From d80ac2fd2df4e7fb8a28acfa512bb11472b5cc99 Mon Sep 17 00:00:00 2001
From: liugz18 <57401541+liugz18@users.noreply.github.com>
Date: 星期四, 18 七月 2024 21:34:55 +0800
Subject: [PATCH] Rename 'res' in line 514 to avoid with naming conflict with line 365

---
 funasr/models/language_model/rnn/decoders.py |  247 +++++++++++++++++-------------------------------
 1 files changed, 89 insertions(+), 158 deletions(-)

diff --git a/funasr/models/language_model/rnn/decoders.py b/funasr/models/language_model/rnn/decoders.py
index a426b51..e7d35e9 100644
--- a/funasr/models/language_model/rnn/decoders.py
+++ b/funasr/models/language_model/rnn/decoders.py
@@ -1,4 +1,5 @@
 """RNN decoder module."""
+
 import logging
 import math
 import random
@@ -15,7 +16,7 @@
 from funasr.metrics import end_detect
 from funasr.models.transformer.utils.nets_utils import mask_by_length
 from funasr.models.transformer.utils.nets_utils import pad_list
-from funasr.models.transformer.utils.nets_utils import th_accuracy
+from funasr.metrics.compute_acc import th_accuracy
 from funasr.models.transformer.utils.nets_utils import to_device
 from funasr.models.language_model.rnn.attentions import att_to_numpy
 
@@ -45,24 +46,24 @@
     """
 
     def __init__(
-            self,
-            eprojs,
-            odim,
-            dtype,
-            dlayers,
-            dunits,
-            sos,
-            eos,
-            att,
-            verbose=0,
-            char_list=None,
-            labeldist=None,
-            lsm_weight=0.0,
-            sampling_probability=0.0,
-            dropout=0.0,
-            context_residual=False,
-            replace_sos=False,
-            num_encs=1,
+        self,
+        eprojs,
+        odim,
+        dtype,
+        dlayers,
+        dunits,
+        sos,
+        eos,
+        att,
+        verbose=0,
+        char_list=None,
+        labeldist=None,
+        lsm_weight=0.0,
+        sampling_probability=0.0,
+        dropout=0.0,
+        context_residual=False,
+        replace_sos=False,
+        num_encs=1,
     ):
 
         torch.nn.Module.__init__(self)
@@ -76,16 +77,20 @@
         self.decoder = torch.nn.ModuleList()

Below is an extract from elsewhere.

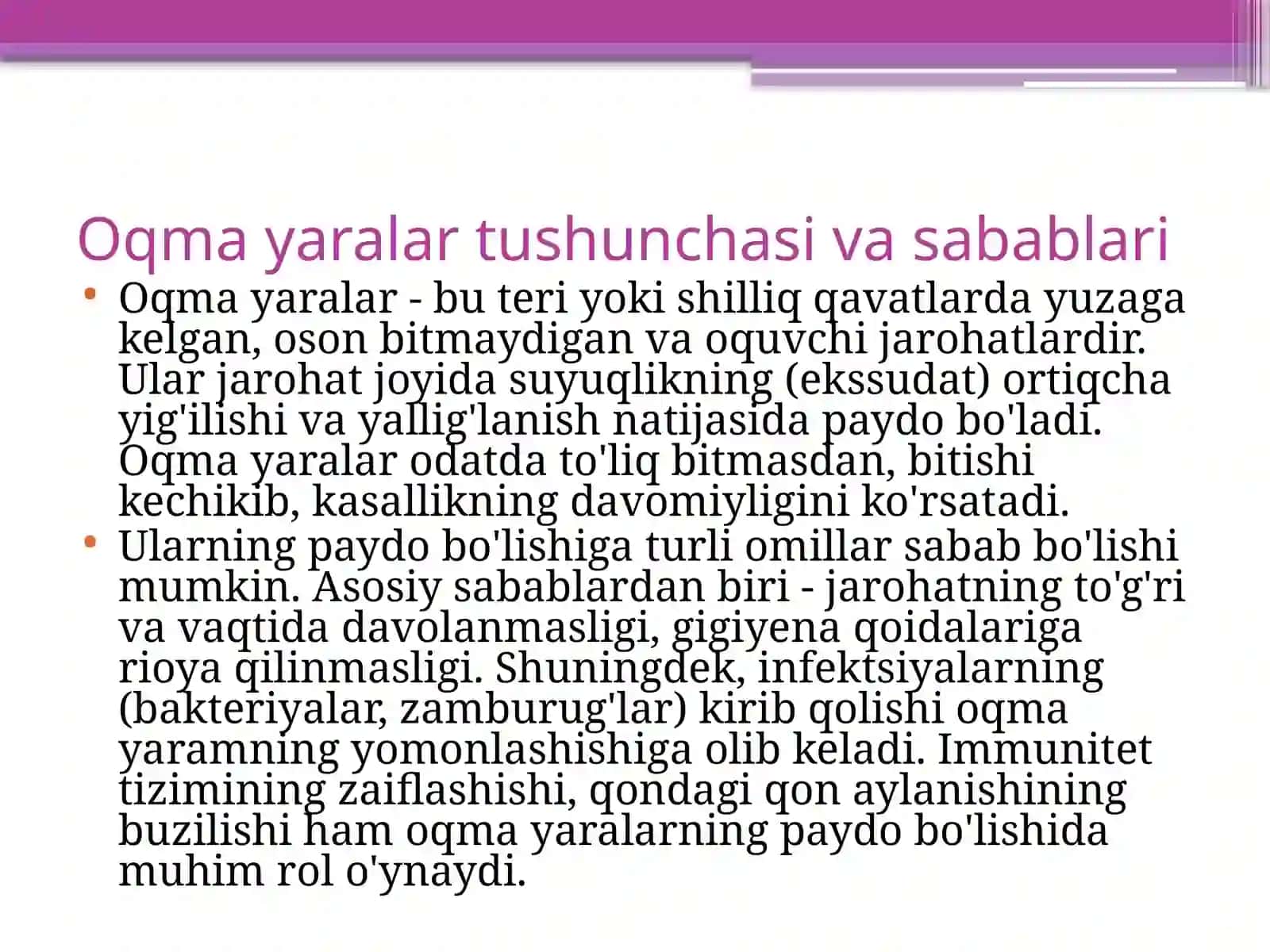 Ichakoqmayaralarni Bartarafqilish Usullari 3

         self.dropout_dec = torch.nn.ModuleList()
         self.decoder += [
-            torch.nn.LSTMCell(dunits + eprojs, dunits)

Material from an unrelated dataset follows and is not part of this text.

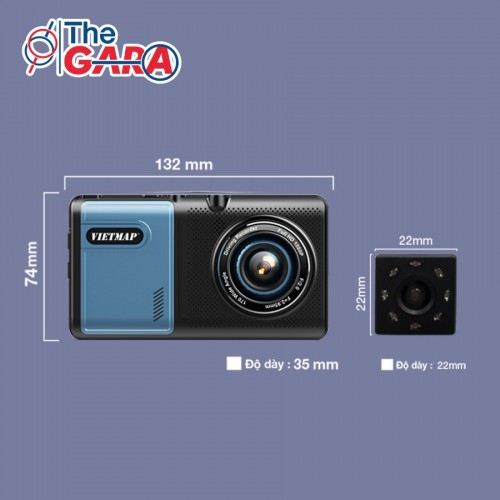 Camera Hành Trình ô tô Vietmap A50 - Phụ kiện ô tô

-            if self.dtype == "lstm"
-            else torch.nn.GRUCell(dunits + eprojs, dunits)
+            (
+                torch.nn.LSTMCell(dunits + eprojs, dunits)
+                if self.dtype == "lstm"
+                else torch.nn.GRUCell(dunits + eprojs, dunits)
+            )
         ]
         self.dropout_dec += [torch.nn.Dropout(p=dropout)]

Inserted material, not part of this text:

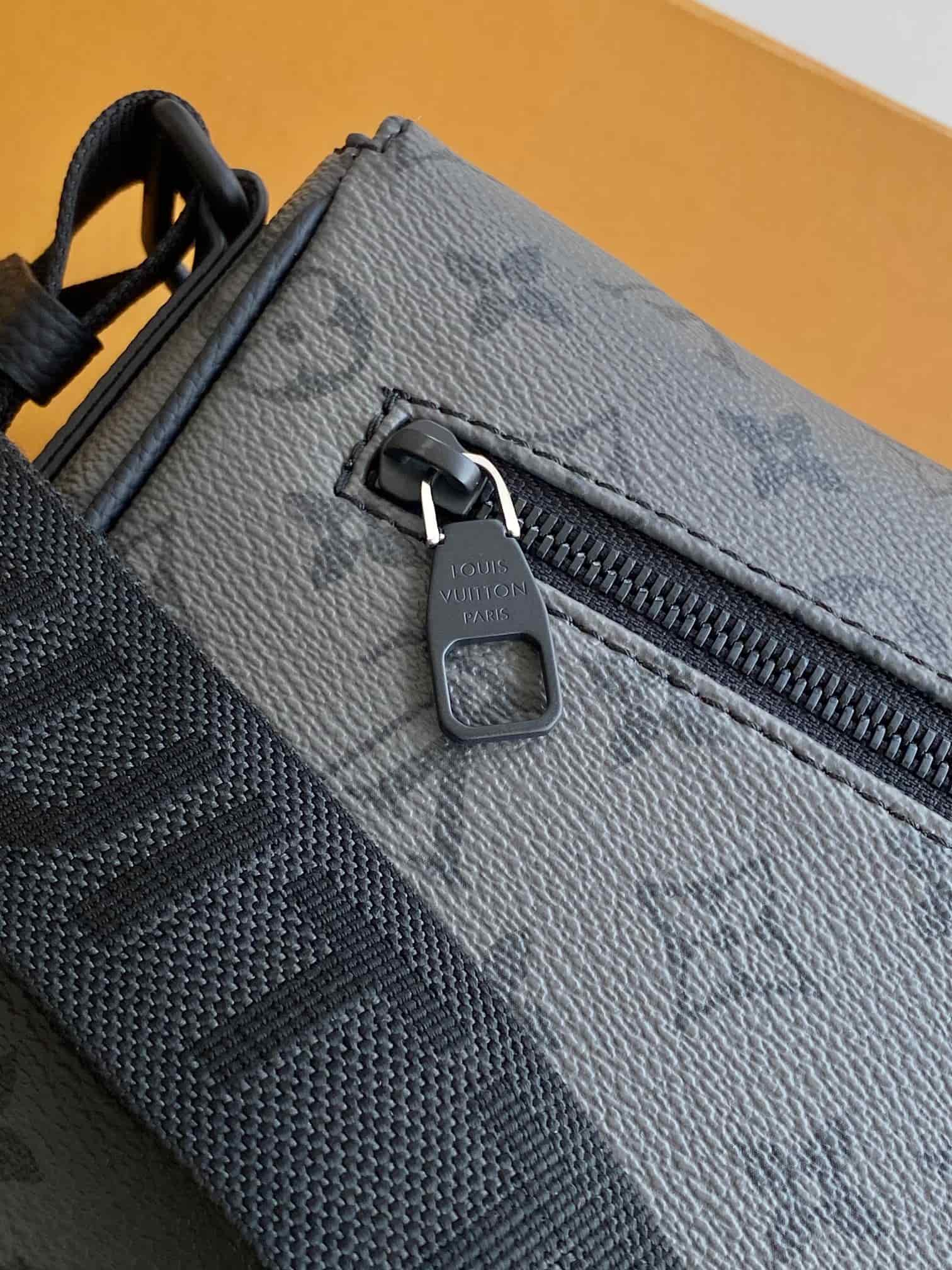 Louis Vuitton Bastille PM Black Monogram Midnight coated canvas M2A195 High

         for _ in six.moves.range(1, self.dlayers):
             self.decoder += [
-                torch.nn.LSTMCell(dunits, dunits)
-                if self.dtype == "lstm"
-                else torch.nn.GRUCell(dunits, dunits)
+                (
+                    torch.nn.LSTMCell(dunits, dunits)
+                    if self.dtype == "lstm"
+                    else torch.nn.GRUCell(dunits, dunits)
+                )
             ]
             self.dropout_dec += [torch.nn.Dropout(p=dropout)]
             # NOTE: dropout is applied only for the vertical connections
@@ -131,9 +136,7 @@
         else:
             z_list[0] = self.decoder[0](ey, z_prev[0])
             for i in six.moves.range(1, self.dlayers):
-                z_list[i] = self.decoder[i](
-                    self.dropout_dec[i - 1](z_list[i - 1]), z_prev[i]
-                )
+                z_list[i] = self.decoder[i](self.dropout_dec[i - 1](z_list[i - 1]), z_prev[i])
         return z_list, c_list
 
     def forward(self, hs_pad, hlens, ys_pad, strm_idx=0, lang_ids=None):
@@ -197,9 +200,7 @@
                 )
             )
         logging.info(
-            self.__class__.__name__
-            + " output lengths: "
-            + str([y.size(0) for y in ys_out])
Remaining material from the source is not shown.